Visualization projects [assignment:randomforest]

Random Forest Visualization

Facts

Type	master project
Place	internal
Supervisors	Michel Westenberg
Student	Natalia Kuznetsova
Thesis	download
start/end date	- 9/8/2014

Abstract

Classification is the process of assigning a class label to an observation based on its proprieties or attributes. A classification algorithm is applied to a data set, producing a model. By studying the model, insights about the data set structure can be gained. The benefits that a model can bring depend on the model. In this work, a Random Forest model is used for the analysis of data. A Random Forest model is explored by means of visualization. The results include this report and the prototype of a visualization analysis tool.

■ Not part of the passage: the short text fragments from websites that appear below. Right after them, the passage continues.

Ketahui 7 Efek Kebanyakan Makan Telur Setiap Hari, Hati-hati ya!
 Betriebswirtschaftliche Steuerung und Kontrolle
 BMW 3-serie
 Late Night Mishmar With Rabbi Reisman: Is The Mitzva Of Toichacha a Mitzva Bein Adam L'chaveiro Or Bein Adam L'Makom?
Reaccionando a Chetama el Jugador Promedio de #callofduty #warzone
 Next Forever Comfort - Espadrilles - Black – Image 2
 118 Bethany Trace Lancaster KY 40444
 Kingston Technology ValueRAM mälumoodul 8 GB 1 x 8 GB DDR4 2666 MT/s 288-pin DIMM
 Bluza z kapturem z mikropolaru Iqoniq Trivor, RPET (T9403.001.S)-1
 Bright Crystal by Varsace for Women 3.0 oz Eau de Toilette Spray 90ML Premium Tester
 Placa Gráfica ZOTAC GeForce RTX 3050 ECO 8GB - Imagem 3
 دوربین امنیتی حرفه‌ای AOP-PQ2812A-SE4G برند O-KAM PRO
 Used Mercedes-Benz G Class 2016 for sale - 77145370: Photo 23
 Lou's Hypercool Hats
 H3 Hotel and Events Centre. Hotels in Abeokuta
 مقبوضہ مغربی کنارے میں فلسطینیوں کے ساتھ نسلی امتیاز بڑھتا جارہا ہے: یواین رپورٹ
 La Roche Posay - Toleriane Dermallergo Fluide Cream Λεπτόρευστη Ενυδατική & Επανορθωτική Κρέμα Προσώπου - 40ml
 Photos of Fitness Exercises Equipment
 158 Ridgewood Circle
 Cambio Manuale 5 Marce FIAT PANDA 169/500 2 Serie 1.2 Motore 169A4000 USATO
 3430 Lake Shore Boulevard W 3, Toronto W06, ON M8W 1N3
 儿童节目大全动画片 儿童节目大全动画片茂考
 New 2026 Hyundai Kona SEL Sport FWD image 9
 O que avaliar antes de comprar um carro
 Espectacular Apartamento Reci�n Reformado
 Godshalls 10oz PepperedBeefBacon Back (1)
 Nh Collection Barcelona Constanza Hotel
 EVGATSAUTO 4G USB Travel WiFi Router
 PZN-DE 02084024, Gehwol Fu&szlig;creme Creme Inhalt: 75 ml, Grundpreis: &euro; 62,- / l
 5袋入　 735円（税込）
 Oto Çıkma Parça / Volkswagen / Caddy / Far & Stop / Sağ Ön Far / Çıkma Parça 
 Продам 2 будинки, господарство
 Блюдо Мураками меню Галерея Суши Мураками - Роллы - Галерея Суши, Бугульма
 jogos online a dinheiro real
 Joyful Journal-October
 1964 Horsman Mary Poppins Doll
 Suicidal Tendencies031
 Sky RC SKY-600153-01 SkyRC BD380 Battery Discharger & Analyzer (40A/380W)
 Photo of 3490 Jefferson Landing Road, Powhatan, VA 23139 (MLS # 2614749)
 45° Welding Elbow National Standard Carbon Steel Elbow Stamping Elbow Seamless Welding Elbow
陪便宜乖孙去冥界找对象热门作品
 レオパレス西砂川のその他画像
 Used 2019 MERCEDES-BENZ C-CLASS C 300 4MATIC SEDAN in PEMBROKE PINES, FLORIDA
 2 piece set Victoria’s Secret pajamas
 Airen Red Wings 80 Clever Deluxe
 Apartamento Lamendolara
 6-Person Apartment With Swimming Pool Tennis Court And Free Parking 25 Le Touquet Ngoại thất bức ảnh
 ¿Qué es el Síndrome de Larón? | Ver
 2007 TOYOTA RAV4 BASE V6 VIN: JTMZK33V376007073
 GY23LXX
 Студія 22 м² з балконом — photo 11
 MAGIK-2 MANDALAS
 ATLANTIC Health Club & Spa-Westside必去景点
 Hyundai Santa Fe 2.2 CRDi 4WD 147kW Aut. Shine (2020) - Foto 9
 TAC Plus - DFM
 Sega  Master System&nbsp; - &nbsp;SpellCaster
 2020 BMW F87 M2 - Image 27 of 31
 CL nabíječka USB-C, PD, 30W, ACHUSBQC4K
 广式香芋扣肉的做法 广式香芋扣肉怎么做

The tool, named ReFINE for Random Forest INspEctor, consists of several visualizations for a Random Forest model. ReFINE provides visualizations for Random Forest components - trees, and its special feature: proximity measure, variable importance, interactions and prototypes. Each of these aspects is presented with a different visualization technique; all the visualizations are integrated together to show the connections between them and allow a user to discover patterns in data sets. The effectiveness of the approach is validated with various data sets, including generated and real data.

As a result, ReFINE allows to investigate data, its most importance variables, theirs split points, connection between instances and their distribution.